"Di 2019 ini prediksi pertumbuhan premi asuransi umum akan mencapai 14 persen dibandingkan dengan di 2018. Sedangkan prediksi 2020, premi asuransi umum akan tumbuh 17 persen," kata Ketua Umum AAUI Dadang Sukresna, di Le Meridien Hotel, Jakarta, Kamis, 21 November 2019.
Menurut Dadang ada beberapa fakor yang mendorong pertumbuhan industri asuransi umum Indonesia.

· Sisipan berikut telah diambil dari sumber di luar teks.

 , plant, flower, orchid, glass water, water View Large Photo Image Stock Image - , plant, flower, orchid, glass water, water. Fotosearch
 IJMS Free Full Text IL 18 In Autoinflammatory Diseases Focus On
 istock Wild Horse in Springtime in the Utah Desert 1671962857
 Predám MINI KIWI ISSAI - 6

Pertama, prediksi Bank Indonesia (BI) mengenai pertumbuhan ekonomi yakni 5,1-5,5 persen, Produk Domestik Bruto (PDB) 5,1-5,5 persen, nilai tukar rupiah berada di kisaran Rp13.900 hingga Rp14.300 per USD, dan inflasi 3+-1 persen.

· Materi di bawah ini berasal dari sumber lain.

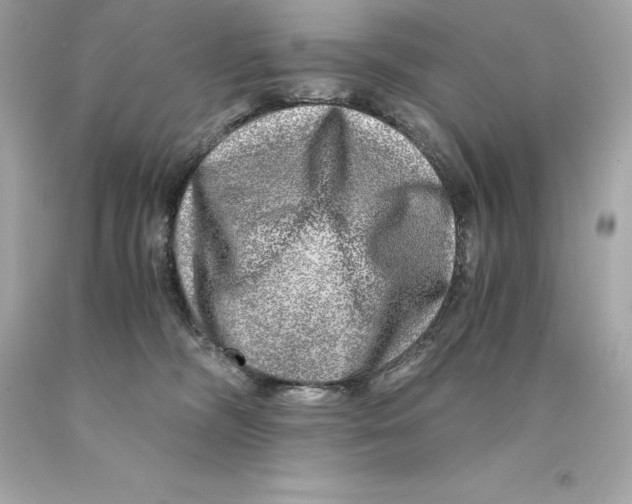 X0000093100326200710241226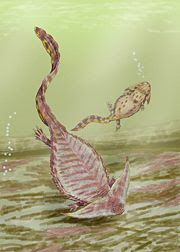 180px-Diplocaulus_vale21DB.jpg
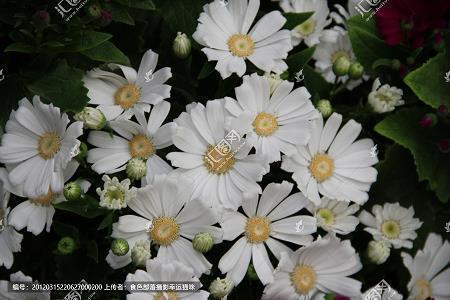 比较霸气的个性说说大全56句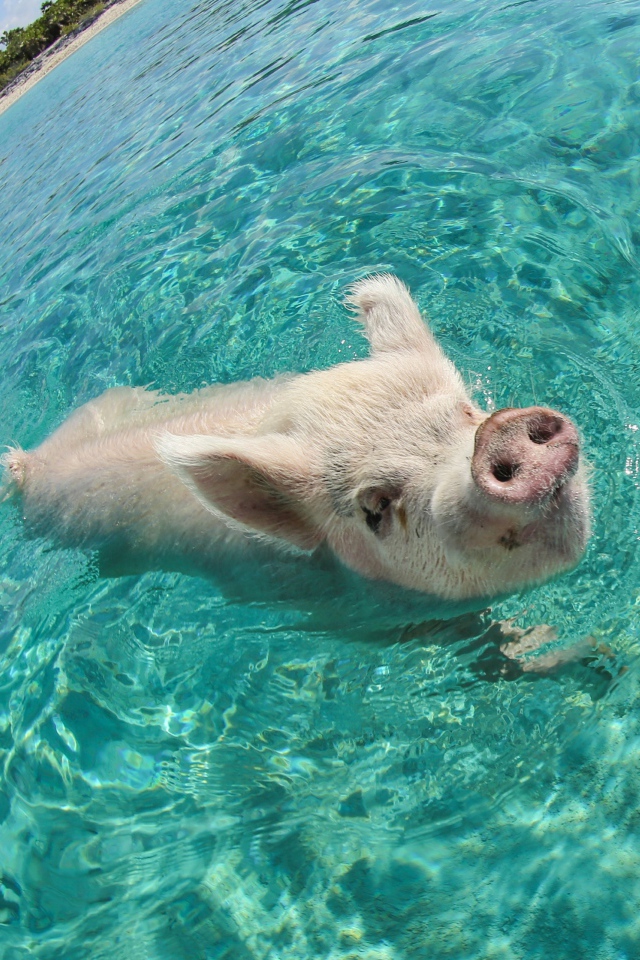 Свинья в море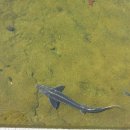 용문산푸른공원 이미지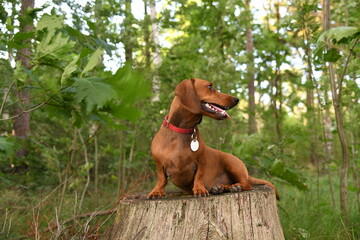 Kurzhaardackel im Wald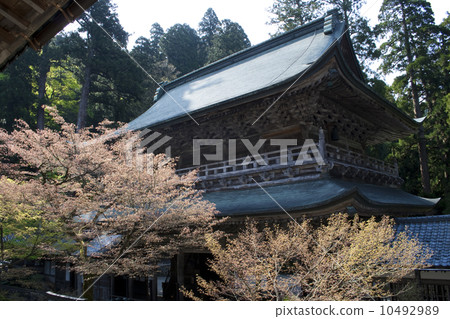 The mountain gate of Eiheiji 10492989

Kedua, pada 2020 pertumbuhan investasi yang dalam hal ini Pembentukan Modal Tetap Bruto (PMTB) di angka 7-7,4 persen. Angka kebutuhan investasi pada rentang Rp5.802–Rp5.823 triliun (prediksi Menteri Keuangan). Ketiga, pertumbuhan ekspor sebesar 5,5-7 persen, dengan sektor pertanian diperkirakan tumbuh empat persen.
"Industri manufaktur tumbuh hingga lima persen dan perdagangan tumbuh hingga 5,8 persen," ungkap Dadang.
Keempat, kelanjutan proyek infrastruktur dan rencana pemindahan ibu kota yang akan mendorong kinerja sektor konstruksi dan properti. Kelima Pertumbuhan ekonomi digital akan naik pesat hingga USD100 miliar pada 2025 turut berpengaruh pada prospek ekonomi Indonesia ke depan.
Sementara itu, Rapat Dewan Komisioner (RDK) Otoritas Jasa Keuangan (OJK) menilai, stabilitas sektor jasa keuangan dalam kondisi terjaga di tengah tingginya ketidakpastian perekonomian global. Hal tersebut terlihat dari sektor jasa keuangan domestik yang mencatatkan pertumbuhan positif.
"Dengan intermediasi yang stabil dan profil risiko lembaga jasa keuangan yang terjaga," ujar Deputi Komisioner Hubungan Masyarakat dan Manajemen Strategis OJK Anto Prabowo.
Sejalan dengan itu, Risk-Based Capital (RBC) industri asuransi umum dan asuransi jiwa masing-masing sebesar 323 persen dan 684 persen atau jauh di atas ambang batas ketentuan. Dalam konteks ini, OJK senantiasa memantau dinamika perkembangan ekonomi global.
"Dan berupaya memitigasi dampak kondisi yang unfavourable terhadap kinerja sektor jasa keuangan domestik, terutama terkait dengan profil risiko likuiditas dan risiko kredit," pungkas Anto.